Magari non diventerete mai fotografi del “National Geographic”, ma non è meglio aver passato qualche mese facendo la Transiberiana in treno o lavorando e studiando tedesco a Berlino, che a casa aspettando la chiamata per un call center?
GAP YEAR
Un anno di viaggi, corsi, esperienze di lavoro
Questo sito, come il libro, si rivolge ai ragazzi che si avviano a concludere il liceo e le scuole superiori in genere, sempre più ansiosi per il proprio futuro, e ai loro genitori, spesso ancora più preoccupati Intende offrire stimoli e spunti ai giovani per prendere in mano la propria vita: alzarsi, giocarsela e, magari, pure divertirsi.
Lo strumento suggerito è il Gap Year, un anno di viaggi, corsi, esperienze di lavoro, che di solito si colloca dopo le scuole superiori e prima di iniziare l’università o la vita lavorativa.
Fatto nel modo giusto, un Gap Year integra la formazione e rende il CV molto più interessante agli occhi dei selezionatori, sia accademici sia aziendali. Ma il maggiore beneficio si avrà a livello di crescita personale, di quella autostima e autonomia indispensabili per realizzare qualunque progetto di vita.
Oggi sacrificare le proprie passioni in nome di un sano realismo non porta a comodi, per quanto forse noiosi, posti fissi e il laureato mediano, costretto a passare da voucher a collaborazioni intermittenti e senza prospettive, non se la passa meglio del collega che non ha sfondato come artista ma vivacchia con qualche collaborazione, un blog e un canale YouTube. Se si hanno delle passioni oggi è “razionale” seguirle, smentendo secoli di buonsenso familiare.
Il Gap Year, concentra in alcuni mesi tutta una serie di esperienze e attività di sviluppo personale e professionale, proponendosi come soluzione ideale in termini di efficacia ed efficienza.
Efficacia in quanto alcune esperienze richiedono tempi e contesti compatibili solo con mesi di full immersion. Efficienza in quanto, ad esempio, tre mesi di full immersion in loco costano meno e rendono di più che anni di corsi serali per imparare una lingua.
Un Gap Year è utile non solo a chi, legittimamente a 18 anni, è ancora confuso circa il proprio futuro e le proprie priorità, ma anche a chi ha o, meglio, pensa di avere le idee chiarissime. Un periodo di verifica può rafforzare determinate scelte e inclinazioni oppure, sorprendentemente, sconvolgerle.

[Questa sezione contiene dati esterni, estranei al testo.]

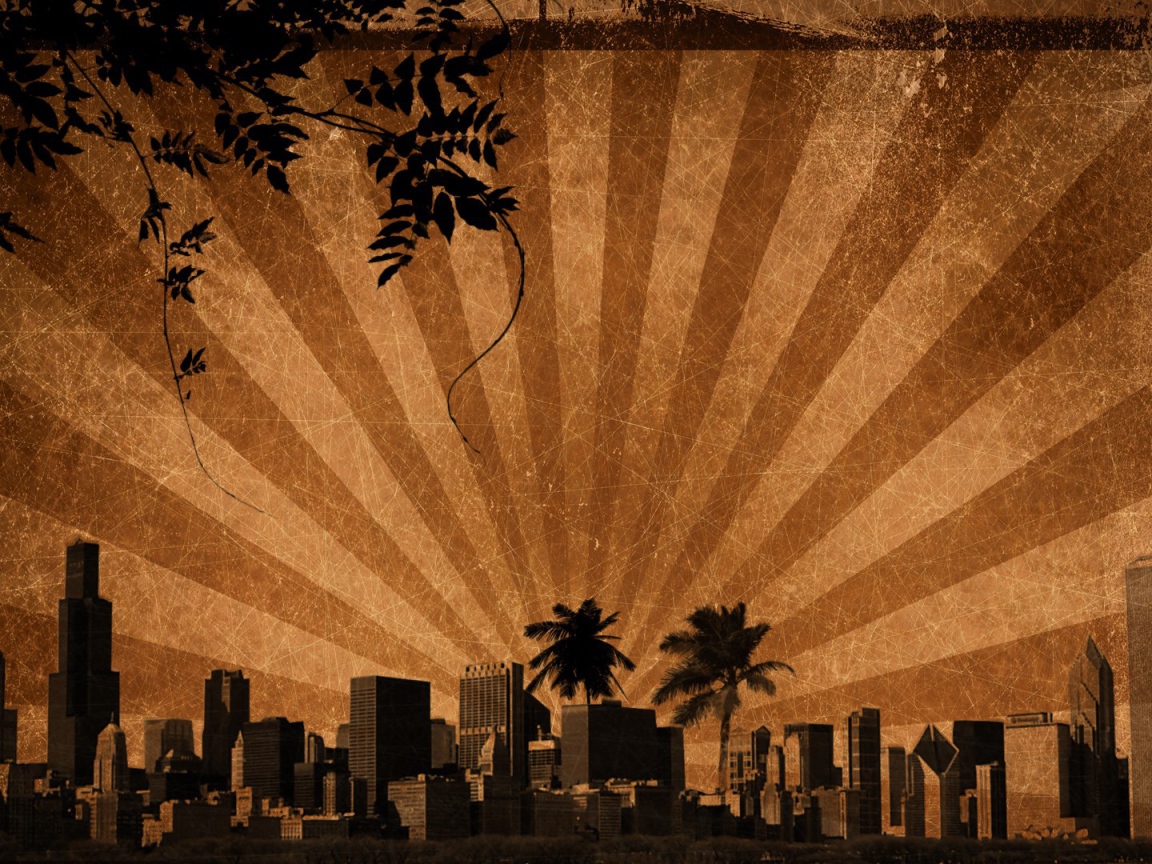 Лучи солнца над городом, фон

Contemporaneamente, offre una irripetibile opportunità di avventura e divertimento
Un Gap Year può essere un investimento essenziale per:
- crescere come individui attraverso esperienze forti e indimenticabili;
- capire cosa si vuole dalla vita (se ancora non lo sapete);
- prepararsi al meglio per quello che si vuol fare nella vita (se già lo sapete) e acquisire skill importanti (anche se non lo sapete).
Un Gap Year ha molte ricadute positive. In estrema sintesi, serve a:
- maturare e crescere;
- conoscere meglio se stessi e i propri obiettivi personali e professionali;
- prepararsi per raggiungere tali obiettivi.
Andrea Di Maio, managing vice president di Gartner Research
“La caratteristica più importante oggi, nel mondo del lavoro, è la volontà e la capacità di imparare continuamente. Nel mondo di oggi, che cambia senza sosta e velocemente, non solo dal punto di vista dell’evoluzione tecnologica, se non si è capaci di continuare a imparare non si va da nessuna parte. È quello che verifichiamo anche nei nostri colloqui. Quindi è un’ottima idea usare il Gap Year per fare cose diverse, che non hai mai fatto prima, per continuare ad apprendere: per chi ha fatto studi classici, per approfondire temi scientifici e tecnologici. Per chi ha una formazione scientifica o tecnica per esplorare materie umanistiche. Con la velocità attuale dell’innovazione, anche studiando materie avanzatissime, si rischia in pochi anni di avere in mano competenze inservibili. È vitale la capacità di confrontarsi con cose nuove, di gestire i cambiamenti. L’unica cosa da fare è esporsi a tante esperienze, le più varie possibili. Quando assumiamo, assumiamo gente che ha fatto le cose più assurde: gente che ha fatto teatro, ha fatto volontariato, che magari ha anche fallito a fare tre o quattro lavori. Molti arrivano dopo un percorso lineare, pensando di sapere tutto. Poi si rendono conto che il mondo è molto diverso. Non fa male conoscerlo prima, un po’ di mondo.”